- _What you should do_: All pictures must be dropped, while the entries are given again word for word.

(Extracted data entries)
────────────────
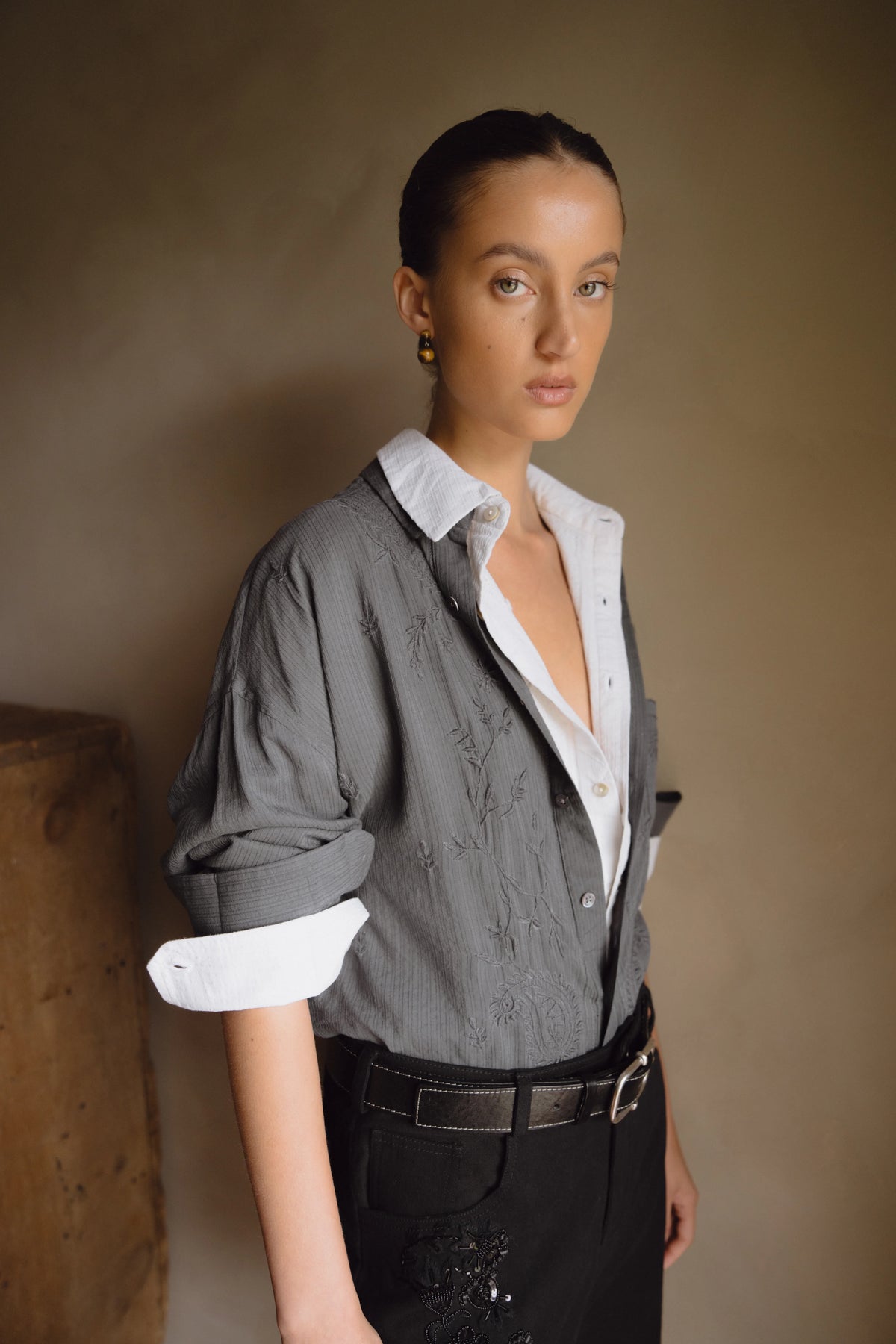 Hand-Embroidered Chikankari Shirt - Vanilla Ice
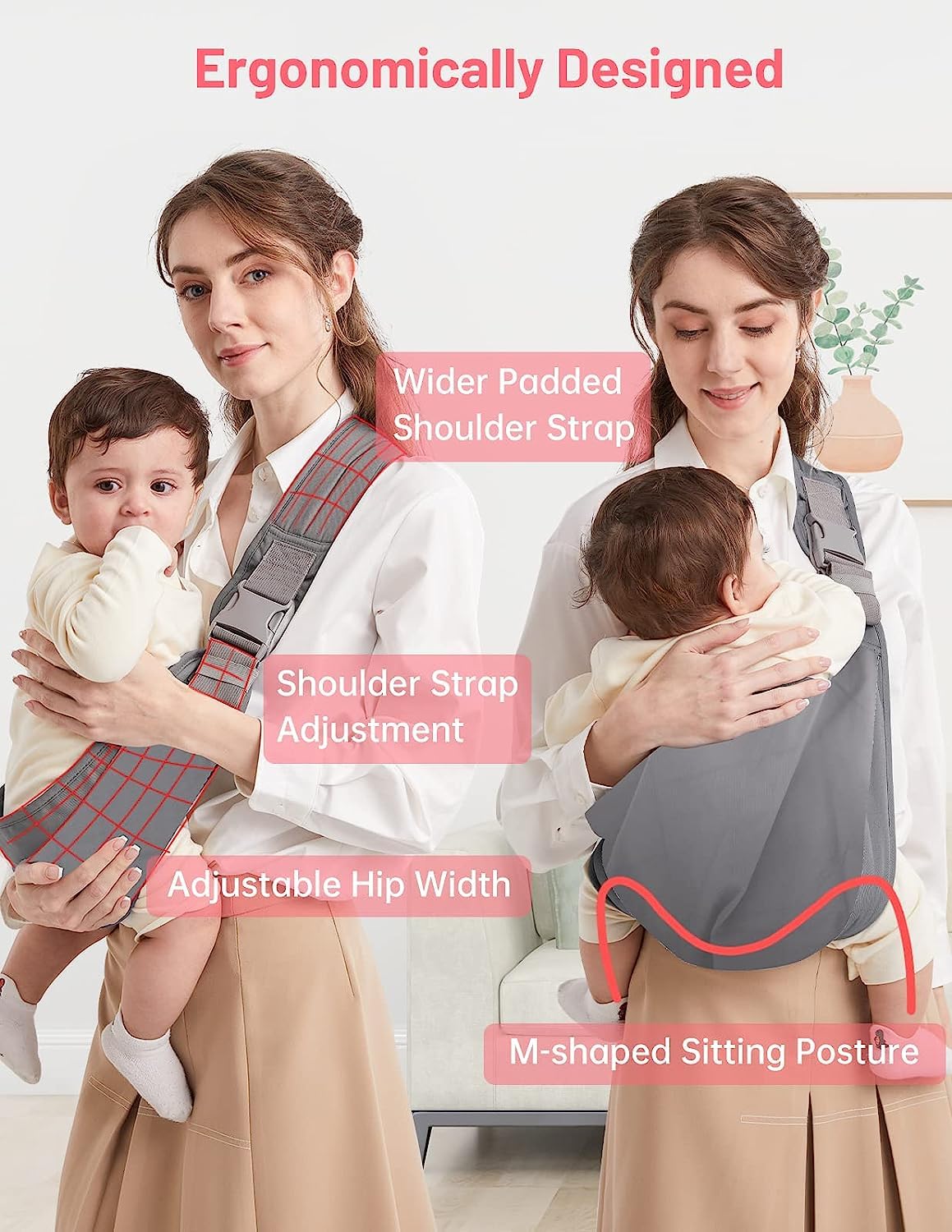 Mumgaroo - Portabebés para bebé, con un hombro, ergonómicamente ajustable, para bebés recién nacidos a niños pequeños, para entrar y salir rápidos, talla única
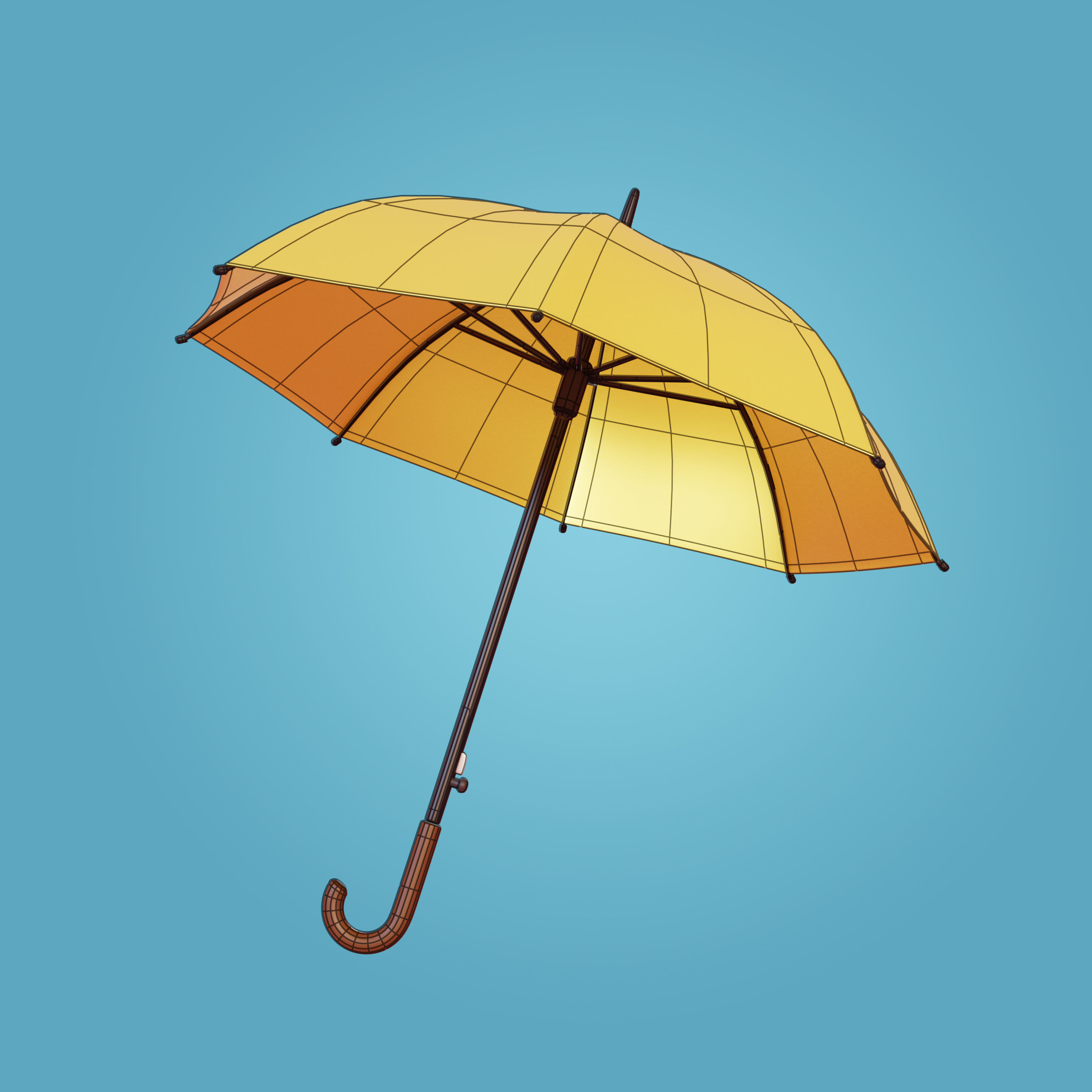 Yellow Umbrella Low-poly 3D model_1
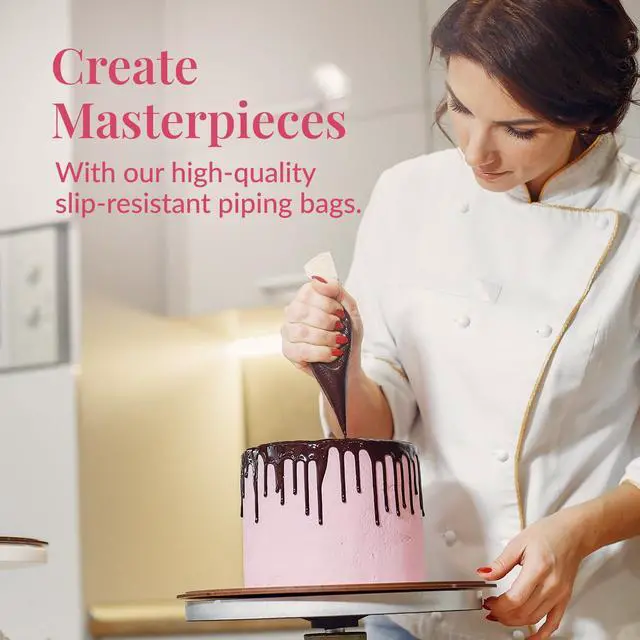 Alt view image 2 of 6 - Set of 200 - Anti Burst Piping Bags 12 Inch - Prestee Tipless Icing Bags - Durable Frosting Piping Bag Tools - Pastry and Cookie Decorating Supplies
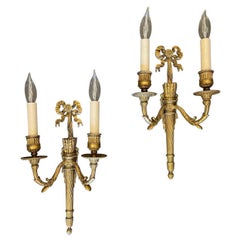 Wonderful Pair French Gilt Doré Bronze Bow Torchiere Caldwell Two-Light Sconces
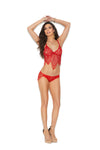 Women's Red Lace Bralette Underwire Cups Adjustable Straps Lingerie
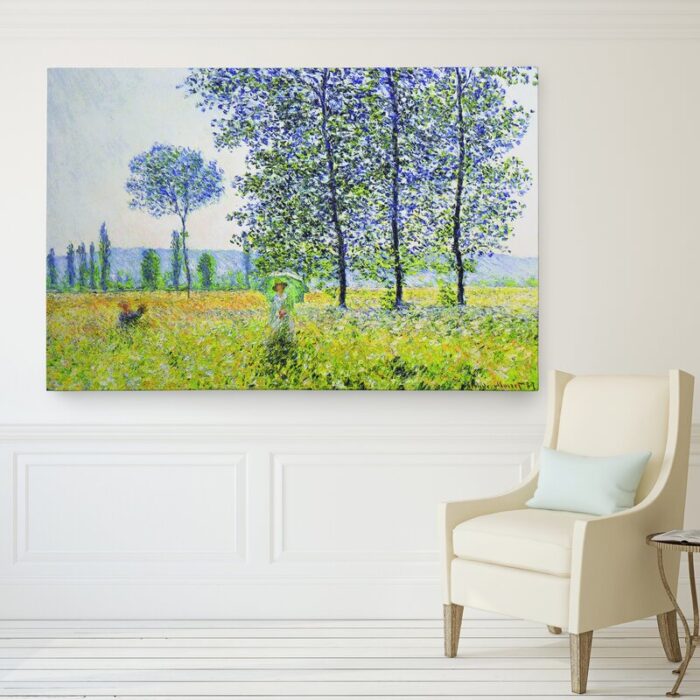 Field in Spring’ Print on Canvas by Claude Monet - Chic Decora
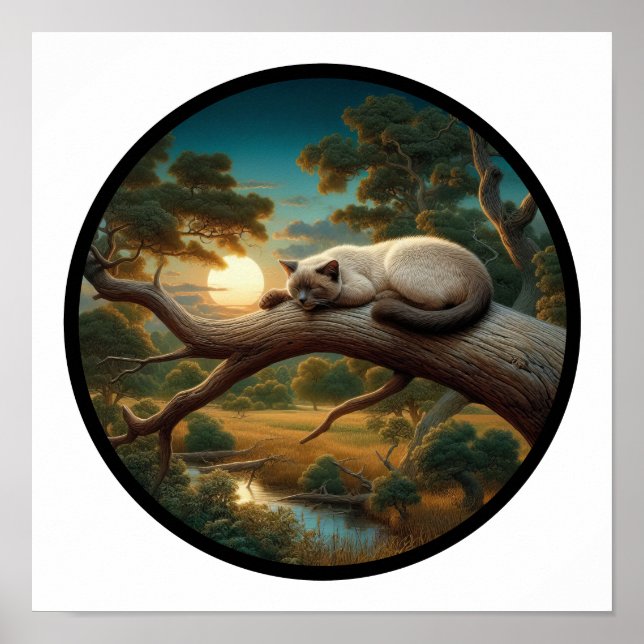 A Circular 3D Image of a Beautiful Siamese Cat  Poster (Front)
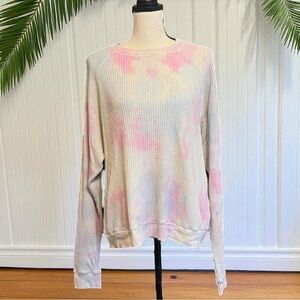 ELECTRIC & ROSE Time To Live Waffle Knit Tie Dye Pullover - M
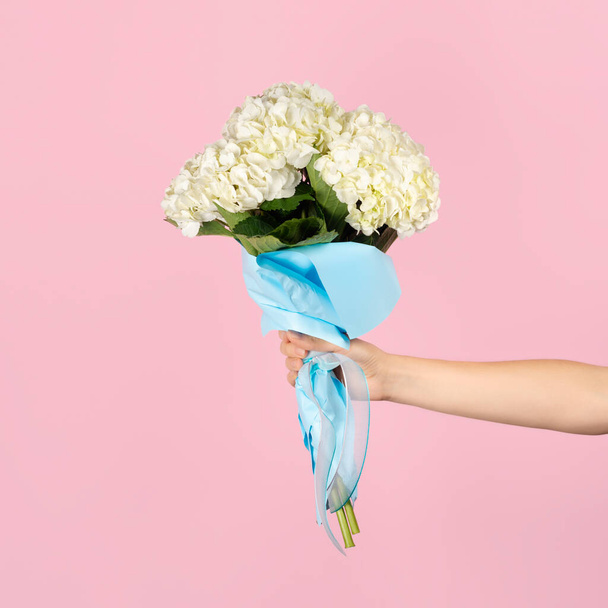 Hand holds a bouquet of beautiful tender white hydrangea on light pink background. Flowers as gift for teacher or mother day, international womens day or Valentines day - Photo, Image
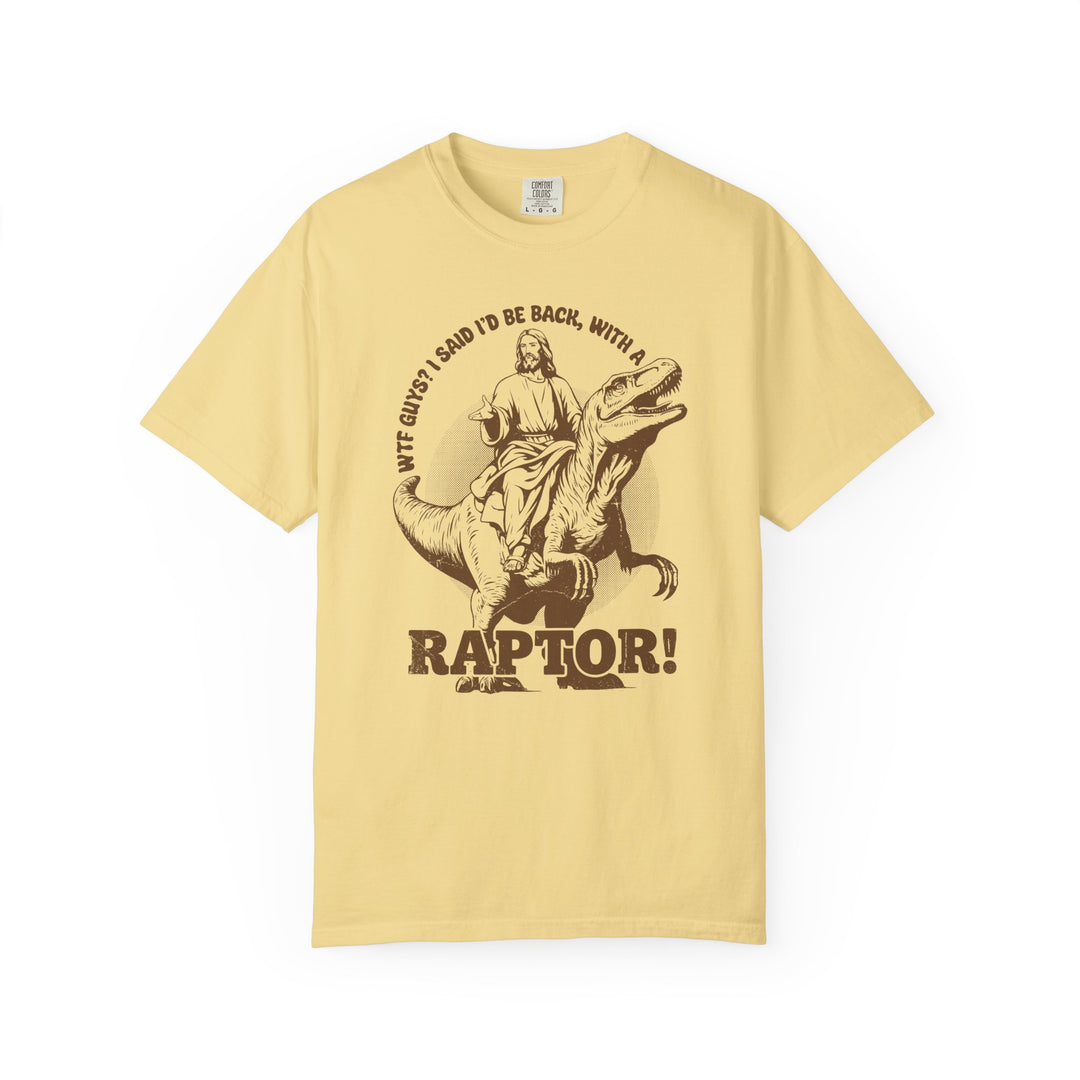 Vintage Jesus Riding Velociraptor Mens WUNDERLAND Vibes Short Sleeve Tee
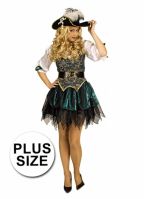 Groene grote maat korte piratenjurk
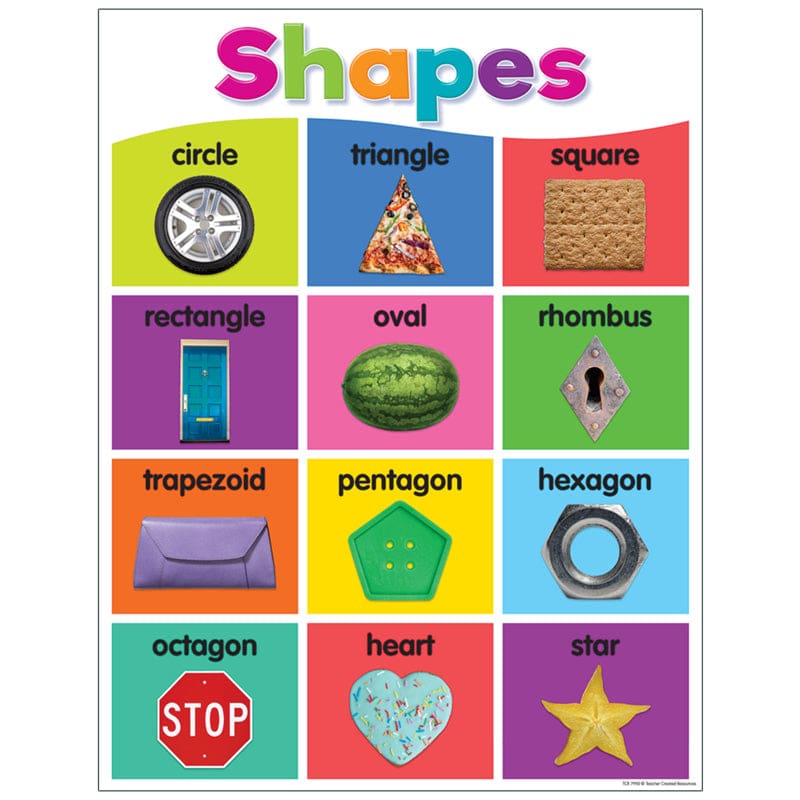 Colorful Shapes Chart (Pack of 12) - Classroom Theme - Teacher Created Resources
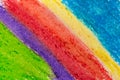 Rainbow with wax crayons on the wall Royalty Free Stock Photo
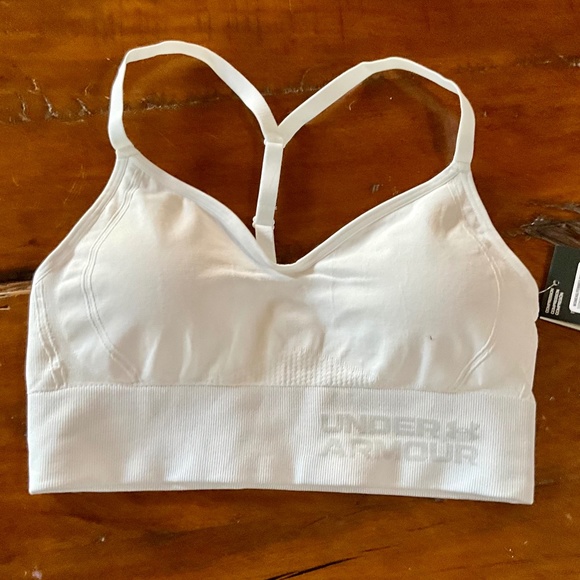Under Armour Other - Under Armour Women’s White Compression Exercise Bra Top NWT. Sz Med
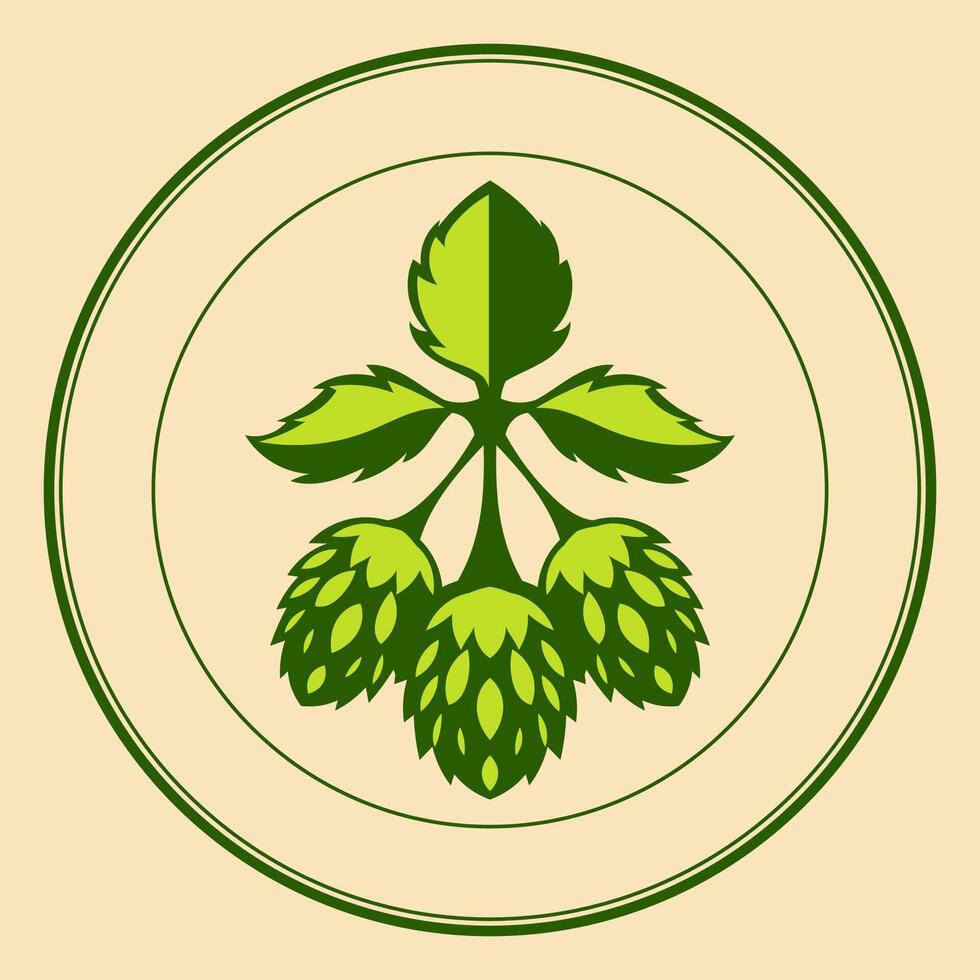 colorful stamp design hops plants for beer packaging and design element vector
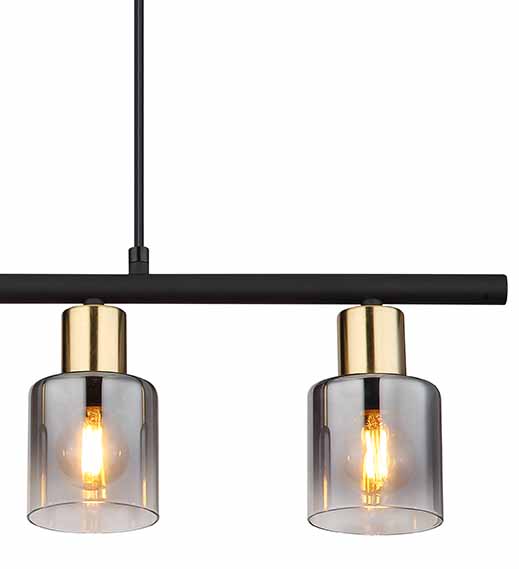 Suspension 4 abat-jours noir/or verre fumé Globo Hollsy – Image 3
────────────────
- _Exercise solution_:
 Hand-Embroidered Chikankari Shirt - Vanilla Ice
 Mumgaroo - Portabebés para bebé, con un hombro, ergonómicamente ajustable, para bebés recién nacidos a niños pequeños, para entrar y salir rápidos, talla única
 Yellow Umbrella Low-poly 3D model_1
 Alt view image 2 of 6 - Set of 200 - Anti Burst Piping Bags 12 Inch - Prestee Tipless Icing Bags - Durable Frosting Piping Bag Tools - Pastry and Cookie Decorating Supplies
 Wonderful Pair French Gilt Doré Bronze Bow Torchiere Caldwell Two-Light Sconces
 Women's Red Lace Bralette Underwire Cups Adjustable Straps Lingerie
 Field in Spring’ Print on Canvas by Claude Monet - Chic Decora
 A Circular 3D Image of a Beautiful Siamese Cat  Poster (Front)
 ELECTRIC & ROSE Time To Live Waffle Knit Tie Dye Pullover - M
 Hand holds a bouquet of beautiful tender white hydrangea on light pink background. Flowers as gift for teacher or mother day, international womens day or Valentines day - Photo, Image
 Vintage Jesus Riding Velociraptor Mens WUNDERLAND Vibes Short Sleeve Tee
 Groene grote maat korte piratenjurk
 Colorful Shapes Chart (Pack of 12) - Classroom Theme - Teacher Created Resources
 Rainbow with wax crayons on the wall Royalty Free Stock Photo
Under Armour Other - Under Armour Women’s White Compression Exercise Bra Top NWT. Sz Med
 colorful stamp design hops plants for beer packaging and design element vector
 Suspension 4 abat-jours noir/or verre fumé Globo Hollsy – Image 3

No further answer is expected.